ASSIGNMENT:
Pictures aside, output each record exactly.

Short descriptive text snippets:
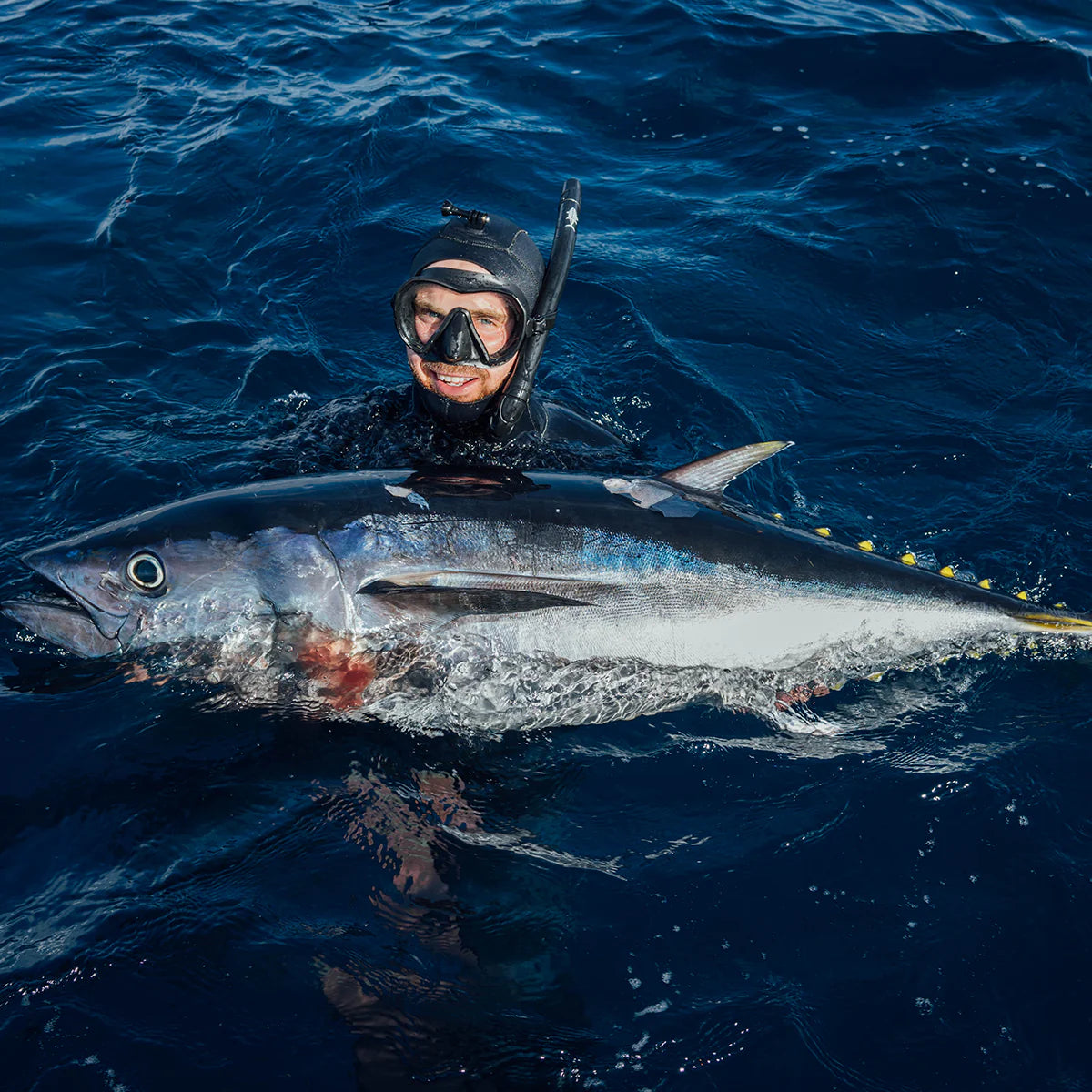 Southern Bluefin Tuna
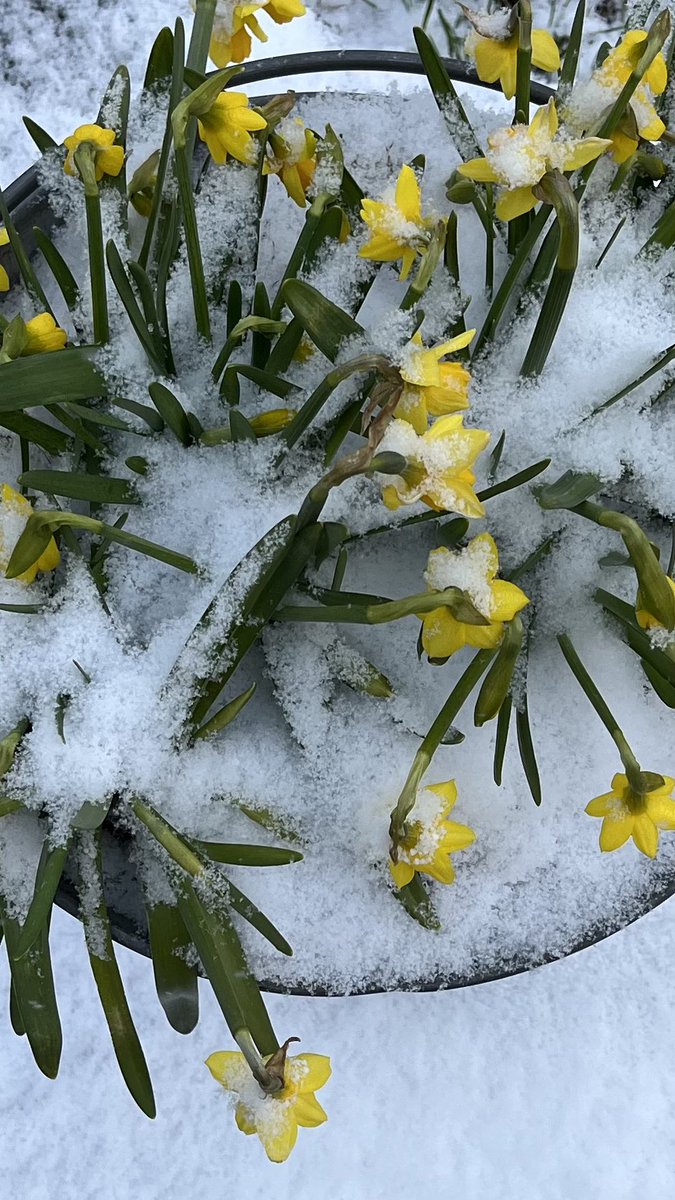 White #spring - white #April        #kevät #takatalvi #huhtikuu #rumpvinter #köldknäpp #eftervinter #coldsnap #sää #weather #coldspell #ThePhotoHour #StormHour #SnowHour #channel169 #Wetter #photography #GardeningX #4月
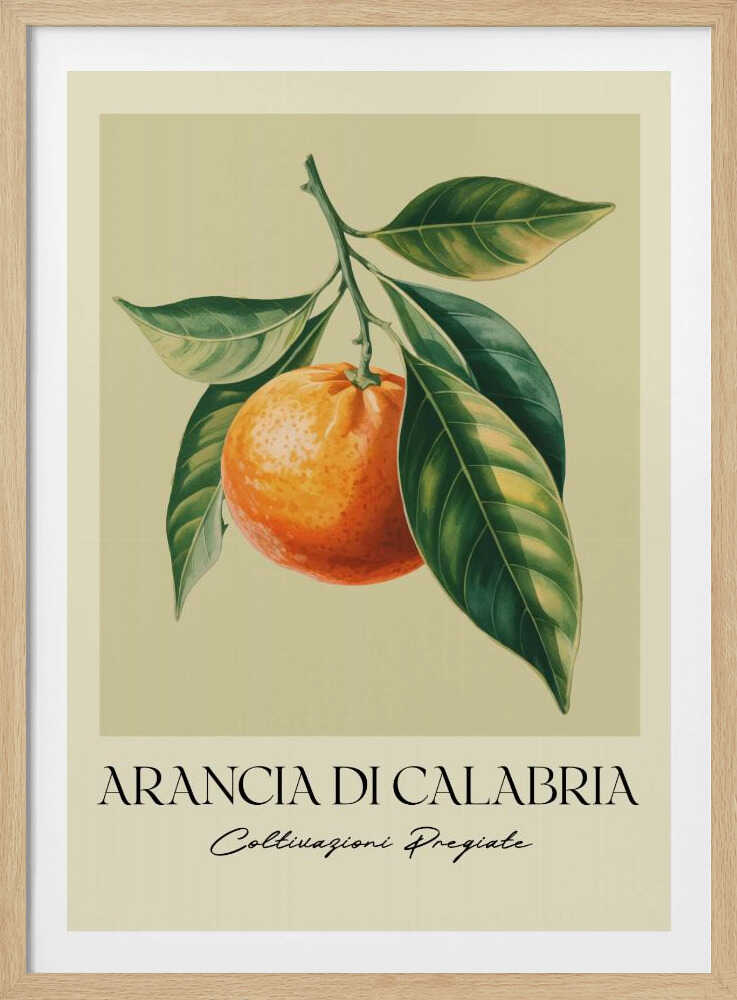 A vintage-style botanical illustration of a ripe orange hanging from a branch with lush green leaves, set against a pale yellow background. Below the image, the text 'ARANCIA DI CALABRIA' is printed in a serif font, with 'Coltivazioni Pregiate' in a script font underneath. The entire print is framed in black. Artwork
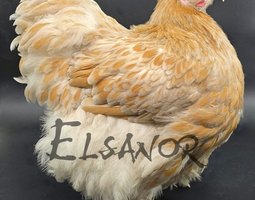 Orpington Fauve liseré bleu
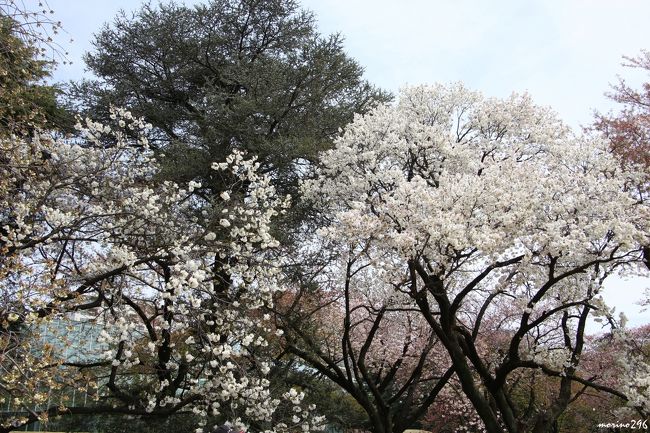 新宿御苑の桜は今がベストシーズンです 新宿 東京 の旅行記 ブログ By Morino296さん フォートラベル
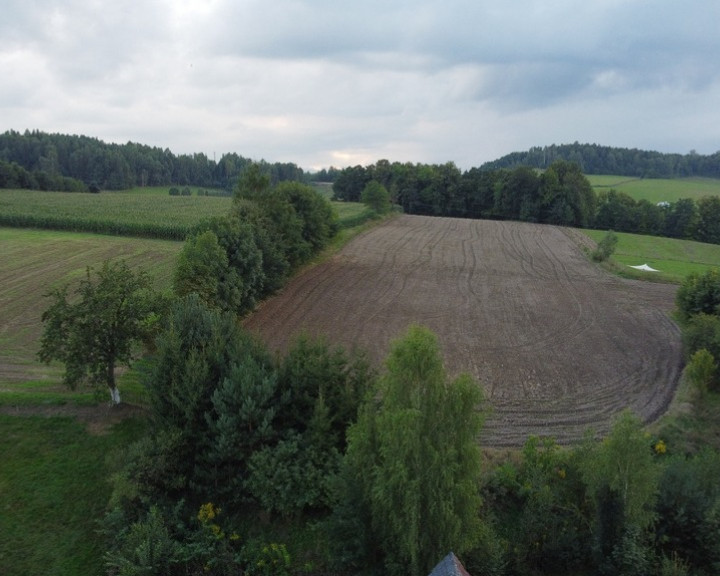 Dom Sprzedaż Strzyżowiec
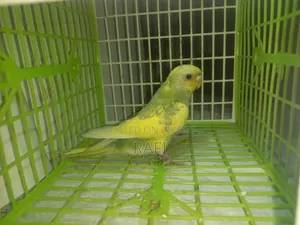 টেম সাইজ বাজিগর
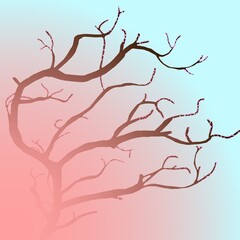 tree with pink flowers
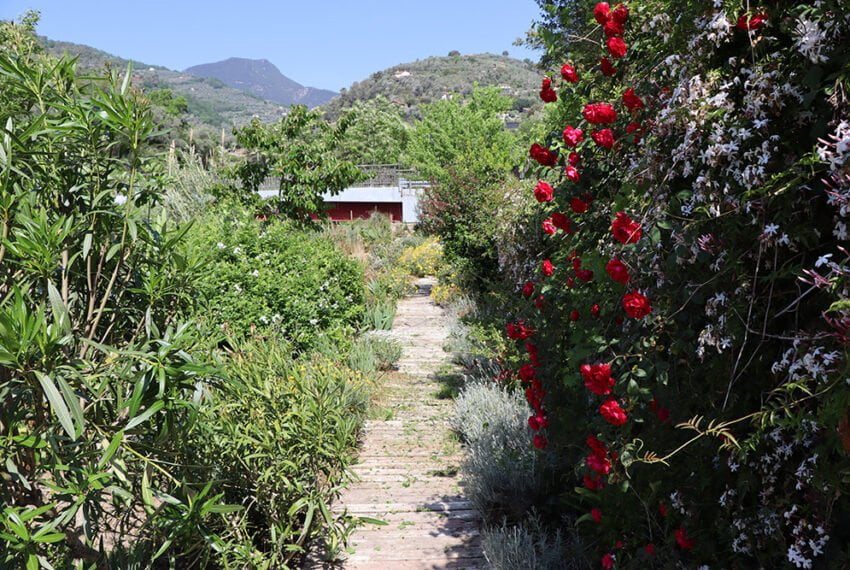 Dolceacqua liguria country house for sale le 45017 026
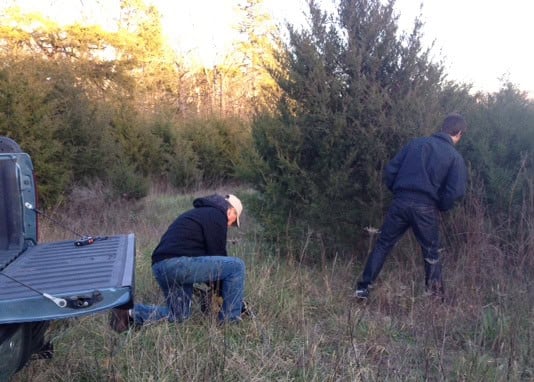 Two men Looking for a Christmas Tree.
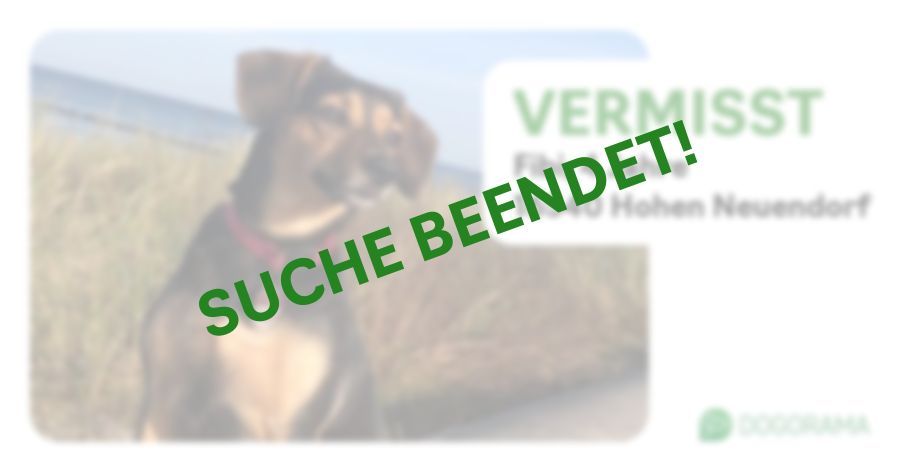 Suchmeldung-Fibi-Profilbild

THE ANSWER:
 Southern Bluefin Tuna
 White #spring - white #April        #kevät #takatalvi #huhtikuu #rumpvinter #köldknäpp #eftervinter #coldsnap #sää #weather #coldspell #ThePhotoHour #StormHour #SnowHour #channel169 #Wetter #photography #GardeningX #4月
 A vintage-style botanical illustration of a ripe orange hanging from a branch with lush green leaves, set against a pale yellow background. Below the image, the text 'ARANCIA DI CALABRIA' is printed in a serif font, with 'Coltivazioni Pregiate' in a script font underneath. The entire print is framed in black. Artwork
 Orpington Fauve liseré bleu
 新宿御苑の桜は今がベストシーズンです 新宿 東京 の旅行記 ブログ By Morino296さん フォートラベル
 Dom Sprzedaż Strzyżowiec
 টেম সাইজ বাজিগর
 tree with pink flowers
 Dolceacqua liguria country house for sale le 45017 026
 Two men Looking for a Christmas Tree.
 Suchmeldung-Fibi-Profilbild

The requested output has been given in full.